I'm messing around with C++, reading some books about good habits in this language. I had read about const_cast, and wrote simple program which answer question : can I strip const prefix and write value to this address ?
My code :
#include <iostream>
#include <iomanip>
int main ()
{
const int a = 5;
std::cout << std::hex << "&a = " << std::showbase << std::setfill('0') << &a << "\n";
int * b = const_cast<int *> (&a);
std::cout << std::hex << std::setfill('0') << "b = " << b << "\n";
std::cout << "Writing to address of a ..." << "\n";
*b = 10;
std::cout << "&a == b ? : " << ((&a == b) ? "True" : "False") << std::endl;
std::cout << a << std::endl;
std::cout << *b << std::endl;
return 0;
}
Output :
00:35|domin568[35] ~/Desktop/experiments/newcpp $ ./const
&a = 0x7ffee465c528
b = 0x7ffee465c528
Writing to address of a ...
&a == b ? : True
0x5
0xa
This situation made me curious, they operate on the same address but they have different values ? Let's debug it with lldb !

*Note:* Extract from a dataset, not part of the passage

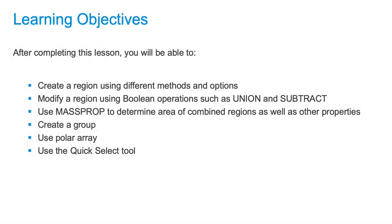A region is a two-dimensional shape with a unique property. It behaves like a 3D object. You could think of it as a surface.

00:37|domin568[39] ~/Desktop/experiments/newcpp $ lldb const
(lldb) b const.cpp:11
...
(lldb) r
Process 32578 launched: '/Users/domin568/Desktop/experiments/newcpp/const' (x86_64)
&a = 0x7ffeefbff478
b = 0x7ffeefbff478
Writing to address of a ...
Process 32578 stopped
* thread #1, queue = 'com.apple.main-thread', stop reason = breakpoint 1.1
frame #0: 0x0000000100000dcb const`main at const.cpp:11
8 int * b = const_cast<int *> (&a);
9 std::cout << std::hex << std::setfill('0') << "b = " << b << "\n";
10 std::cout << "Writing to address of a ..." << "\n";
-> 11 *b = 10;
12 std::cout << "&a == b ? : " << ((&a == b) ? "True" : "False") << std::endl;
13 std::cout << a << std::endl;
14 std::cout << *b << std::endl;
Target 0: (const) stopped.
(lldb) p *b
(int) $0 = 5
(lldb) p b
(int *) $1 = 0x00007ffeefbff478
(lldb) p a
(const int) $2 = 5
(lldb) p &a
(const int *) $3 = 0x00007ffeefbff478
(lldb) s
Process 32578 stopped
* thread #1, queue = 'com.apple.main-thread', stop reason = step in
frame #0: 0x0000000100000dd8 const`main at const.cpp:12
9 std::cout << std::hex << std::setfill('0') << "b = " << b << "\n";
10 std::cout << "Writing to address of a ..." << "\n";
11 *b = 10;
-> 12 std::cout << "&a == b ? : " << ((&a == b) ? "True" : "False") << std::endl;
13 std::cout << a << std::endl;
14 std::cout << *b << std::endl;
15 return 0;
Target 0: (const) stopped.
(lldb) p *b
(int) $4 = 10
(lldb) p *a
error: indirection requires pointer operand ('int' invalid)
(lldb) p a
(const int) $5 = 10
(lldb) s
&a == b ? : True
Process 32578 stopped
* thread #1, queue = 'com.apple.main-thread', stop reason = step in
frame #0: 0x0000000100000e34 const`main at const.cpp:13
10 std::cout << "Writing to address of a ..." << "\n";
11 *b = 10;
12 std::cout << "&a == b ? : " << ((&a == b) ? "True" : "False") << std::endl;
-> 13 std::cout << a << std::endl;
14 std::cout << *b << std::endl;
15 return 0;
16 }
Target 0: (const) stopped.
(lldb) s
0x5 <---- wtf ? changed runtime ?
Could someone explain me what's behind the scene ? I know that's probably undefined behavior but why it behaves like that ?
Thanks in advance !
The const keyword in C++ is how you tell the compiler that you won't be modifying the value of the variable. The value could still change, but the code operating on the const variable won't be doing the changing.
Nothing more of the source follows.